The Wednesday arguments were the culmination of a three-day hearing before Judge Joanne Rosado, whom the Hernandez brothers are hoping will grant them a new trial. Rosado, who now must analyze a mountain of old records and transcripts, has not set a date to announce her decision.
The brothers were convicted in separate trials for murder, attempted murder and aggravated battery in a Northwest Side shooting that killed Jorge Gonzalez. Rosendo Hernandez was sentenced to a total of 75 years, while Juan was sentenced to 86, according to a court filing for the brothers.

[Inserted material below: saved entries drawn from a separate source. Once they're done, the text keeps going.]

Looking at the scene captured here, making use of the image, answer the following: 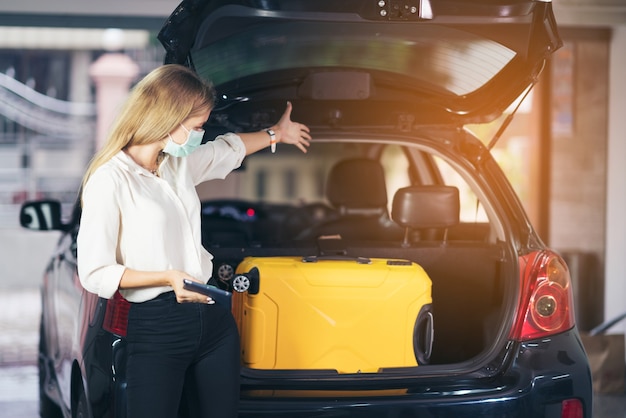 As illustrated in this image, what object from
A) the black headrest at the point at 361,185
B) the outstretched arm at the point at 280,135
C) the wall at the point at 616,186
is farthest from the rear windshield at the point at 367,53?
the wall at the point at 616,186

Perhaps the most explosive allegation over the course of this week’s hearing came Monday evening. A former federal cooperator, Fred Rock, testified that notoriously corrupt drug-running cop Joseph Miedzianowski had it in for Juan Hernandez because he thought he had stolen drugs from an associate. Miedzianowski told Rock that Guevara was the guy who was going to help him “get” Hernandez, Rock testified.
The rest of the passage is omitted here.